What is needed. Write out exactly the lines below starting at the one containing "Російський диктатор заперечує" and ending at the one containing "Kereta kencana pembawa". Omit every picture.

Records for this task.
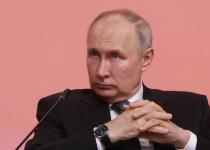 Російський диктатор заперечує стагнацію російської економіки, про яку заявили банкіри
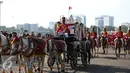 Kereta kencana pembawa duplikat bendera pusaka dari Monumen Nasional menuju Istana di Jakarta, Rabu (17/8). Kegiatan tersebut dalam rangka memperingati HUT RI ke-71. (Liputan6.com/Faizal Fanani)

--

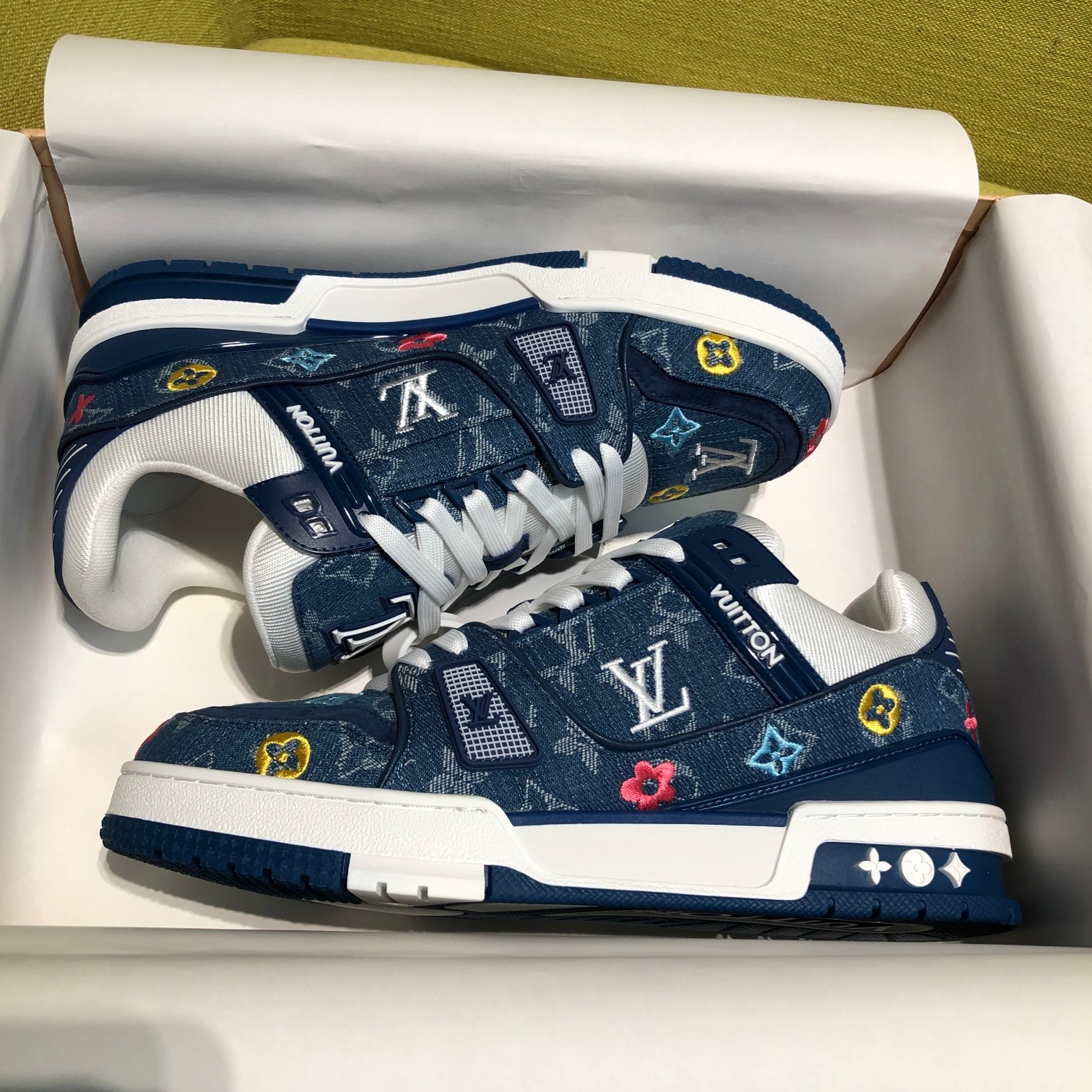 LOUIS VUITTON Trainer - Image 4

==

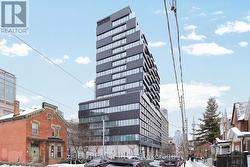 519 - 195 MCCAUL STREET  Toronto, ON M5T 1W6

Answer to this task.
 Російський диктатор заперечує стагнацію російської економіки, про яку заявили банкіри
 Kereta kencana pembawa duplikat bendera pusaka dari Monumen Nasional menuju Istana di Jakarta, Rabu (17/8). Kegiatan tersebut dalam rangka memperingati HUT RI ke-71. (Liputan6.com/Faizal Fanani)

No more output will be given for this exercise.